Nach einem Unentschieden in der ersten Runde ist für den Fellbacher Ringer die U-17-WM früher beendet als gedacht.
Dass eine Punkteteilung nicht unbedingt ein Unentschieden bedeuten muss, weiß der Fellbacher Ringer Kevin Karl nur zu gut. Bereits bei der U-17-EM im Juni verhinderte ein 5:5 gegen Dzhabrail Umkhadazhiev den Finaleinzug, weil der Russe für eine einzelne Technik am meisten Punkte erhalten hatte. Immerhin geschah dies erst im Halbfinale, sodass Kevin Karl nach einem weiteren Sieg doch noch Bronze gewann.
Bei den gegenwärtig in der jordanischen Hauptstadt Amman ausgetragenen U-17-Weltmeisterschaften musste Karl jedoch bereits in der Qualifikationsrunde ein 1:1 hinnehmen.
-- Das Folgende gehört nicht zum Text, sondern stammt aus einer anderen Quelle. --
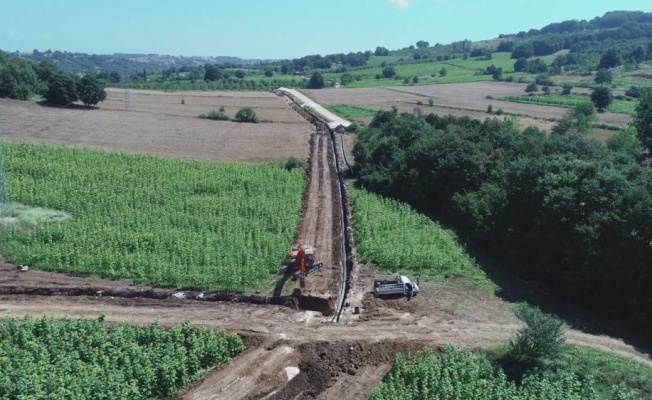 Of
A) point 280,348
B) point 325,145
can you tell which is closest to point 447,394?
point 280,348

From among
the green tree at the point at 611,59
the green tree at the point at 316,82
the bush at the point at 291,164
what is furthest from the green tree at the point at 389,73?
the bush at the point at 291,164

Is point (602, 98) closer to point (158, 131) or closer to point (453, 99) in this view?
point (453, 99)

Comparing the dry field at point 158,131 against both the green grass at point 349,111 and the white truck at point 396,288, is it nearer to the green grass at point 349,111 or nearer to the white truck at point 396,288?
the green grass at point 349,111

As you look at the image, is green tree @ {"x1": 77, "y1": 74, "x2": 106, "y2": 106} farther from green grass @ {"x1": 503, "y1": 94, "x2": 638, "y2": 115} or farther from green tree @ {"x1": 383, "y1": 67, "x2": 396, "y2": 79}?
green tree @ {"x1": 383, "y1": 67, "x2": 396, "y2": 79}

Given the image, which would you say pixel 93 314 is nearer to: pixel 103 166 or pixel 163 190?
pixel 163 190

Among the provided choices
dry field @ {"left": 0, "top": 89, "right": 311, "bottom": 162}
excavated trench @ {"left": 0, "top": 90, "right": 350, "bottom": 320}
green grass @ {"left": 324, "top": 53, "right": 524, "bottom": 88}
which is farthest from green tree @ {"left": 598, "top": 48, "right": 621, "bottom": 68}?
excavated trench @ {"left": 0, "top": 90, "right": 350, "bottom": 320} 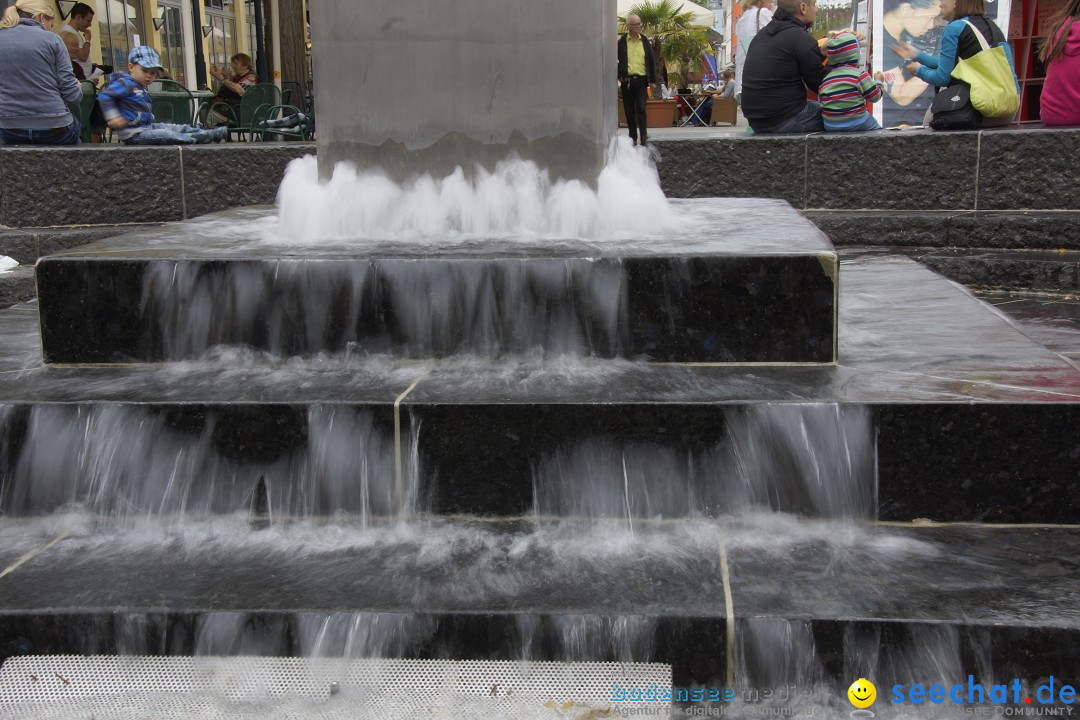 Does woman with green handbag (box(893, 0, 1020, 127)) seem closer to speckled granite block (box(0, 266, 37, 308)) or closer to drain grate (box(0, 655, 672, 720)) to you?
speckled granite block (box(0, 266, 37, 308))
Weil sein Gegenüber, der Serbe Balaz Ujhelji, als Letzter punktete, gewann er den Kampf. Anschließend musste auch Ujhelji eine Niederlage hinnehmen, sodass Karl die Hoffnungsrunde verwehrt blieb und er in der Gewichtsklasse bis 65 Kilogramm 16. wurde. „Es ist nicht so gelaufen, wie ich es mir vorgestellt hatte“, sagte Karl.
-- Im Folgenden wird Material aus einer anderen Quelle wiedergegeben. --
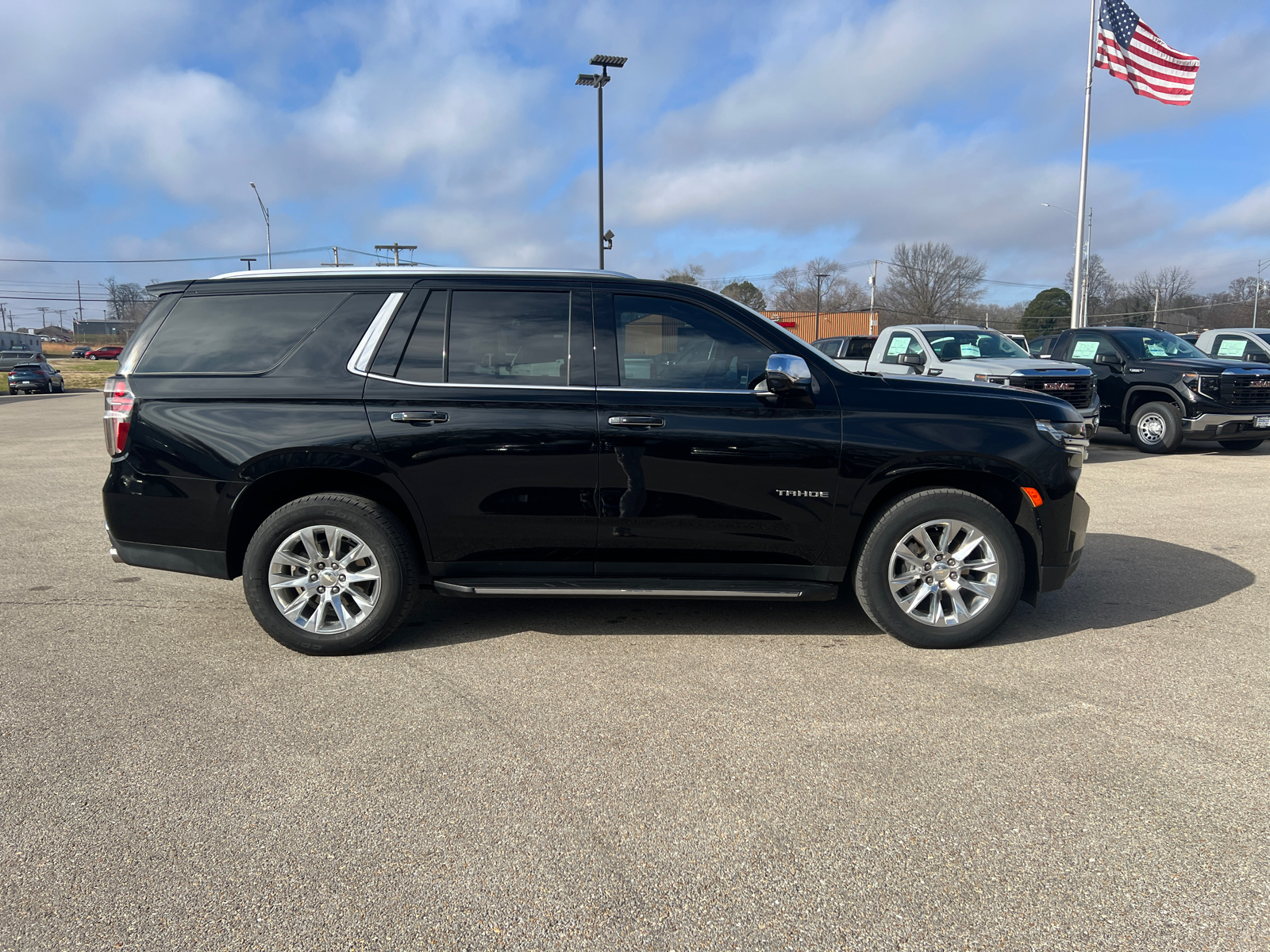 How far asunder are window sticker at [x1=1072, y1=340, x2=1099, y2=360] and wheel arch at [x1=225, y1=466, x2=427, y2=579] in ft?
41.3

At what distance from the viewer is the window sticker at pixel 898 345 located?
13227 millimetres

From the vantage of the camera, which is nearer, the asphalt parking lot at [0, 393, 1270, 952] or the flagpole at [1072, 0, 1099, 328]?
the asphalt parking lot at [0, 393, 1270, 952]

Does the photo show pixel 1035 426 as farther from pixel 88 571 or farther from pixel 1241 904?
pixel 88 571

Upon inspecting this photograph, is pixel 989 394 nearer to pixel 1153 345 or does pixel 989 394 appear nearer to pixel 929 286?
pixel 1153 345

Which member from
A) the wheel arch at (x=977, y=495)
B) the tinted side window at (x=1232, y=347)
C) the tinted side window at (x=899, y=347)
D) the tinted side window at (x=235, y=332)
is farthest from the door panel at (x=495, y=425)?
the tinted side window at (x=1232, y=347)

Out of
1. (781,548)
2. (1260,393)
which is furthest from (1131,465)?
(781,548)

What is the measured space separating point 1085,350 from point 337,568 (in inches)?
513

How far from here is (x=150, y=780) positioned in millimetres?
3156

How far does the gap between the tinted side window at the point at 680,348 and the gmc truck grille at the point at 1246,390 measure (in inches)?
420

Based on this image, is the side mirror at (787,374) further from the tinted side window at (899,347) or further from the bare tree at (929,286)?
the bare tree at (929,286)

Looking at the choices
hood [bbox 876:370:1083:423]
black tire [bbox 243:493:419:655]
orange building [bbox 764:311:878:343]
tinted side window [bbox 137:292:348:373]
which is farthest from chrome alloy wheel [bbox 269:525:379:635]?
orange building [bbox 764:311:878:343]

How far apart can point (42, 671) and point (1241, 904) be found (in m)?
4.89

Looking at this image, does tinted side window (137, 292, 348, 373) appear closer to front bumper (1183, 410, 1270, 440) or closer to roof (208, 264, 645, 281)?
roof (208, 264, 645, 281)

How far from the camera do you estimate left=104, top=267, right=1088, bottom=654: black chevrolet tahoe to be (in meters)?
4.37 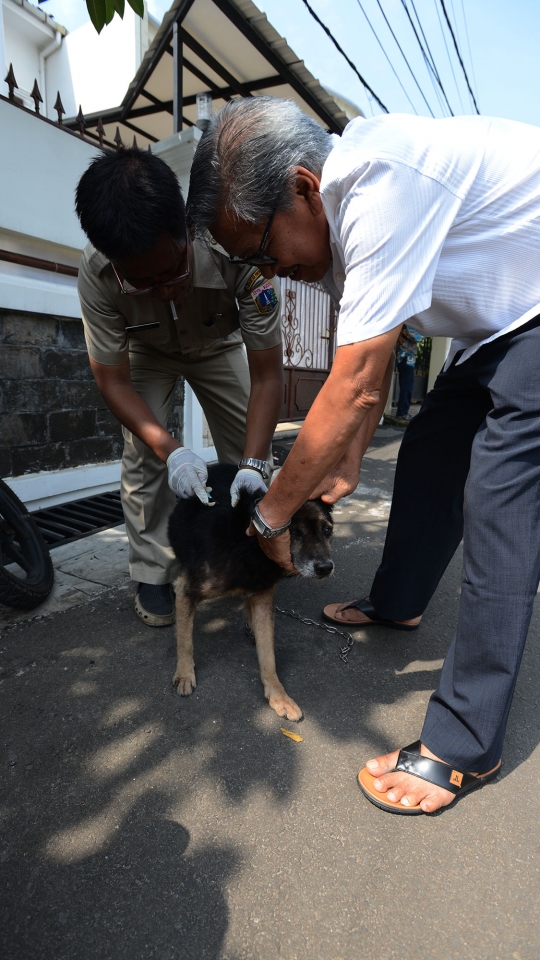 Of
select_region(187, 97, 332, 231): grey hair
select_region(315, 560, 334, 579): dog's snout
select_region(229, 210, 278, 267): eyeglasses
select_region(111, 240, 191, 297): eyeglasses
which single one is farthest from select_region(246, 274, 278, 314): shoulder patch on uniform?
select_region(315, 560, 334, 579): dog's snout

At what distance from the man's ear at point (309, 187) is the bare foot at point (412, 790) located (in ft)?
5.52

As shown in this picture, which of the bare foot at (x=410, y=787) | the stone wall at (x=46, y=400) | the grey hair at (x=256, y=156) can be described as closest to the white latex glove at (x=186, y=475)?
the grey hair at (x=256, y=156)

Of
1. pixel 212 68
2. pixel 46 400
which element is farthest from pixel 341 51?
pixel 46 400

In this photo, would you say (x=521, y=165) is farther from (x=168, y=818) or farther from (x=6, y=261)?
(x=6, y=261)

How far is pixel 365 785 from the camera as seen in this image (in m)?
1.65

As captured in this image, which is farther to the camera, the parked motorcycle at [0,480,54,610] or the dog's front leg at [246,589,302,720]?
the parked motorcycle at [0,480,54,610]

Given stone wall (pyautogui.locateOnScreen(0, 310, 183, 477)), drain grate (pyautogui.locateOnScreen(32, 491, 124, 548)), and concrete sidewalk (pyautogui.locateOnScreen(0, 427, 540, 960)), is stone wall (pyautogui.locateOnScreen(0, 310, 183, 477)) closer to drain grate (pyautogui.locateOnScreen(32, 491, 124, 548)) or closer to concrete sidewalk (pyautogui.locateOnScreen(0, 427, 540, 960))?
drain grate (pyautogui.locateOnScreen(32, 491, 124, 548))

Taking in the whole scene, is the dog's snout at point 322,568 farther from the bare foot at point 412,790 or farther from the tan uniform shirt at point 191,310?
the tan uniform shirt at point 191,310

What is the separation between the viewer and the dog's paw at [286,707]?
6.47 ft

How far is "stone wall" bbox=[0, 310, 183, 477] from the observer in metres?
3.81

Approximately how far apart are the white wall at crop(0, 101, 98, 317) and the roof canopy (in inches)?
22.7

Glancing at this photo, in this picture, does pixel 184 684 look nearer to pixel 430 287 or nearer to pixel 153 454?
pixel 153 454

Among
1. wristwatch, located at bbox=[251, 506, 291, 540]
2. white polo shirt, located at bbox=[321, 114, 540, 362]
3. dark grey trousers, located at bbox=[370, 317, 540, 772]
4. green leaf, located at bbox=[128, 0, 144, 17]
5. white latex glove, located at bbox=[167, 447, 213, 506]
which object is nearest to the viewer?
white polo shirt, located at bbox=[321, 114, 540, 362]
Ebenfalls in der ersten Runde unterlag die für Georgien startende Lisa Shavadze der letztjährigen EM-Dritten Lisette Böttker mit 2:7. Anschließend gewann die Estin ihr Viertelfinale. Gelingt ihr nun noch im bei Redaktionsschluss dieser Zeitung noch nicht beendeten Halbfinale gegen die Japanerin Nana Kozuka ein Sieg, dann zieht Lisa Shavadze in die Hoffnungsrunde ein. Die Tochter des SVF-Trainers Tariel Shavadze könnte dann in der Gewichtsklasse bis 53 Kilogramm sogar noch Bronze gewinnen.